**WORK INSTRUCTION**
Copy nothing but the text: reproduce each line of the listing exactly and leave the pictures out.

**DATA EXTRACT**

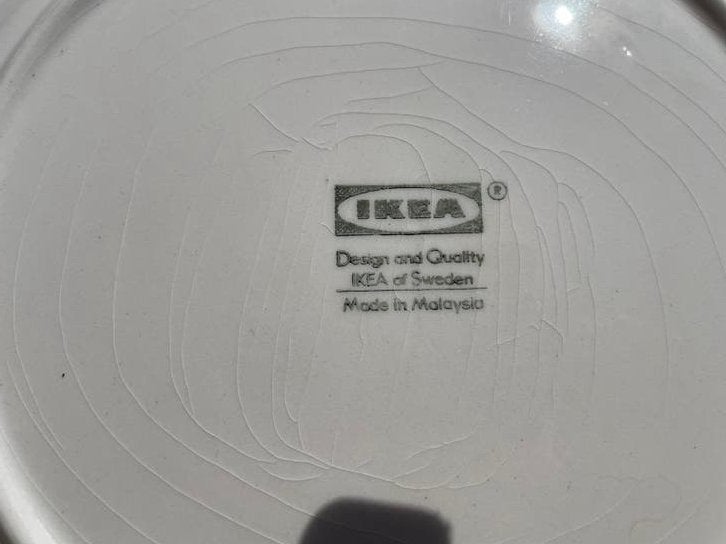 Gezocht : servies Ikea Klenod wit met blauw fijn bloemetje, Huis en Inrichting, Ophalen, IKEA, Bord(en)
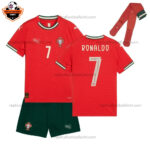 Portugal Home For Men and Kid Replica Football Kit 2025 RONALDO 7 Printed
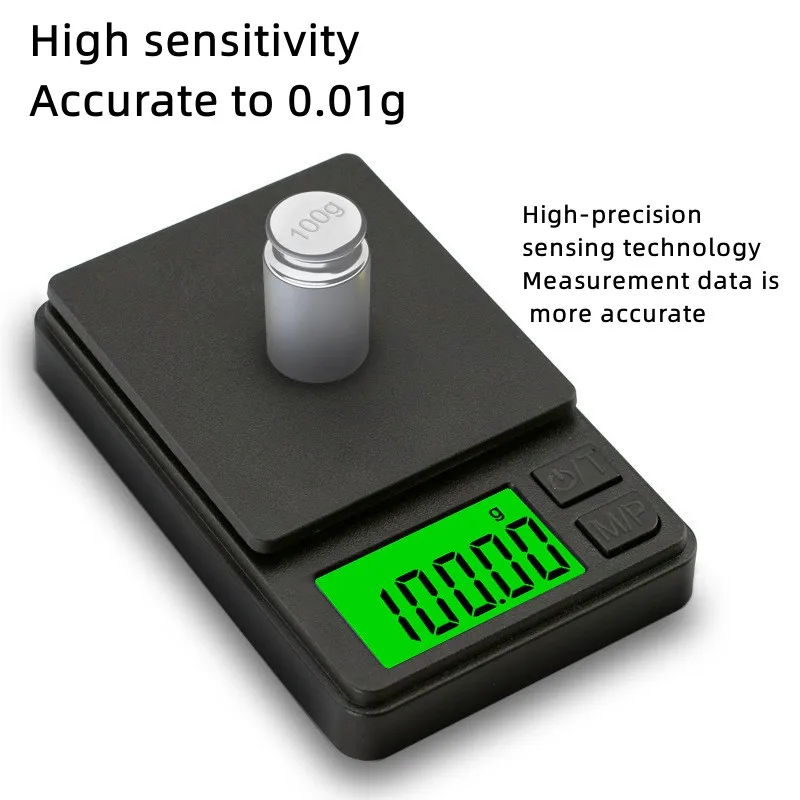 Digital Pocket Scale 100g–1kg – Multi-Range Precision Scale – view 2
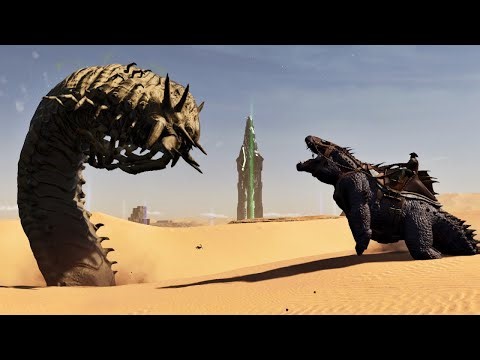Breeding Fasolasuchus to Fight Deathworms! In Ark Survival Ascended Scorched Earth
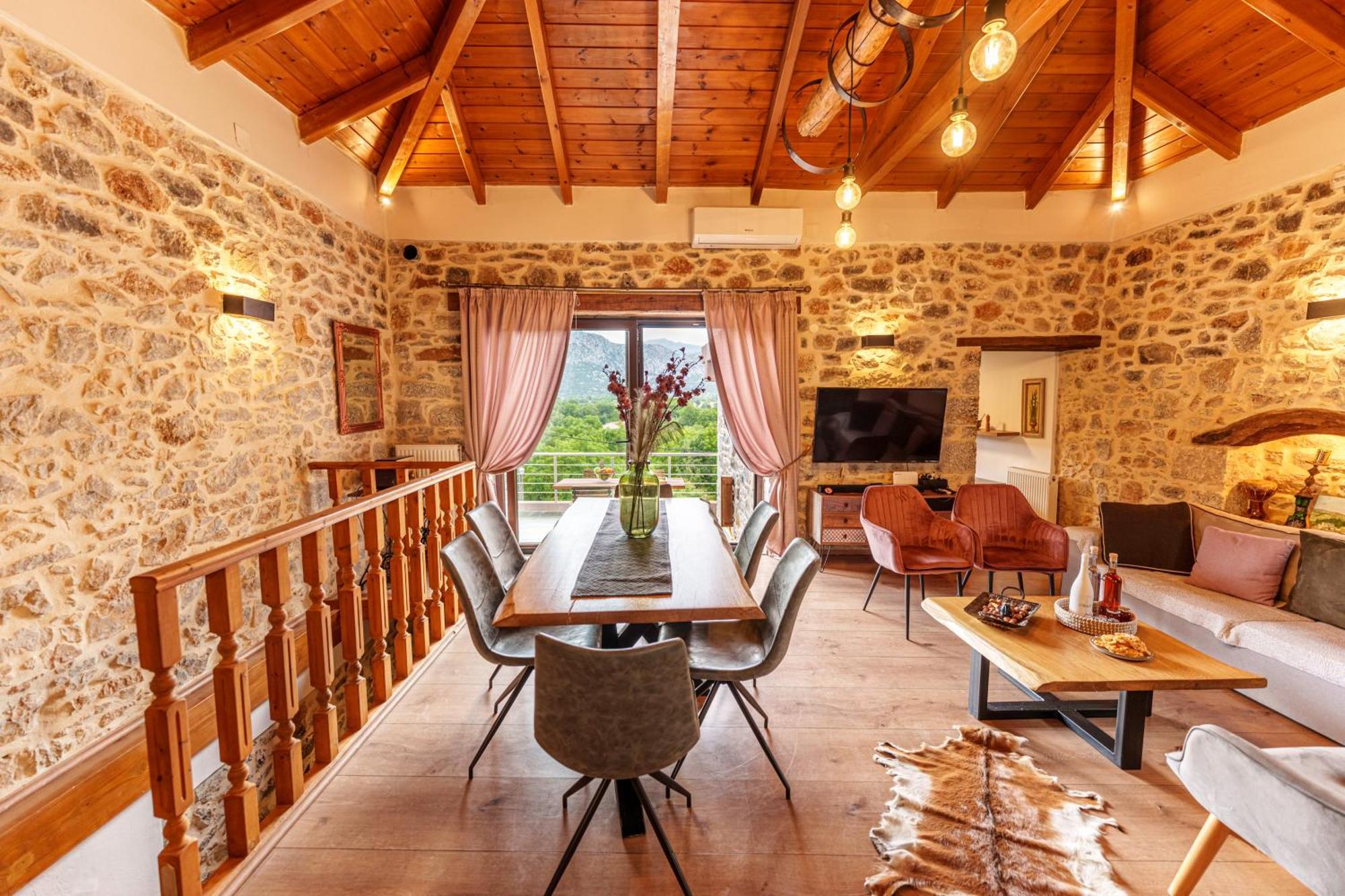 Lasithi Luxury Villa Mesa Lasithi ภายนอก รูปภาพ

**SOLUTION**
 Gezocht : servies Ikea Klenod wit met blauw fijn bloemetje, Huis en Inrichting, Ophalen, IKEA, Bord(en)
 Portugal Home For Men and Kid Replica Football Kit 2025 RONALDO 7 Printed
 Digital Pocket Scale 100g–1kg – Multi-Range Precision Scale – view 2
Breeding Fasolasuchus to Fight Deathworms! In Ark Survival Ascended Scorched Earth
 Lasithi Luxury Villa Mesa Lasithi ภายนอก รูปภาพ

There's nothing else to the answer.